SOURCE RECORDS:
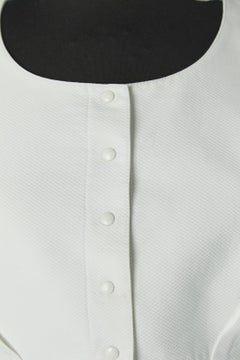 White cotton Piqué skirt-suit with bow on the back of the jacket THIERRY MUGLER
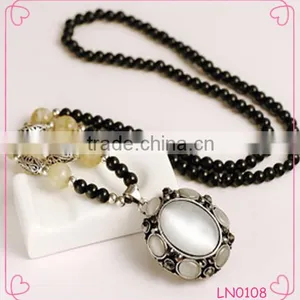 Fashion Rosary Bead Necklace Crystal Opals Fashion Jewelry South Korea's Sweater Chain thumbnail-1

--

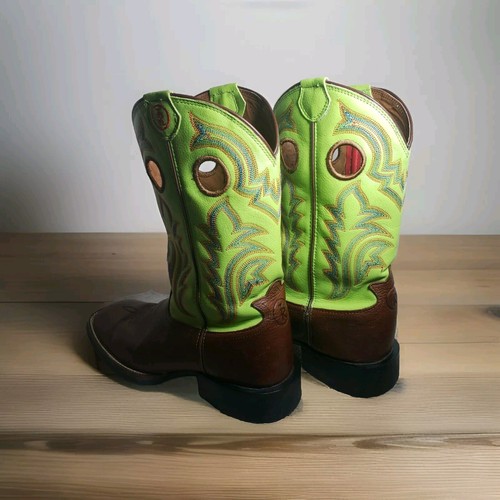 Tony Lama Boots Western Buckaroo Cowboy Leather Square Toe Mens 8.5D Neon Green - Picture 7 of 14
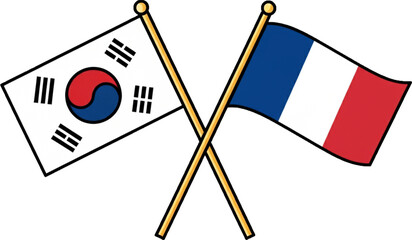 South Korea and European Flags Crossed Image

WHAT YOU SHOULD DO: Only the lines above from the one with "White cotton Piqué" to the one with "Fashion Rosary Bead" should be printed, both included and exactly as written; no picture belongs in the copy.

ANSWER TO THE EXERCISE:
 White cotton Piqué skirt-suit with bow on the back of the jacket THIERRY MUGLER
 Fashion Rosary Bead Necklace Crystal Opals Fashion Jewelry South Korea's Sweater Chain thumbnail-1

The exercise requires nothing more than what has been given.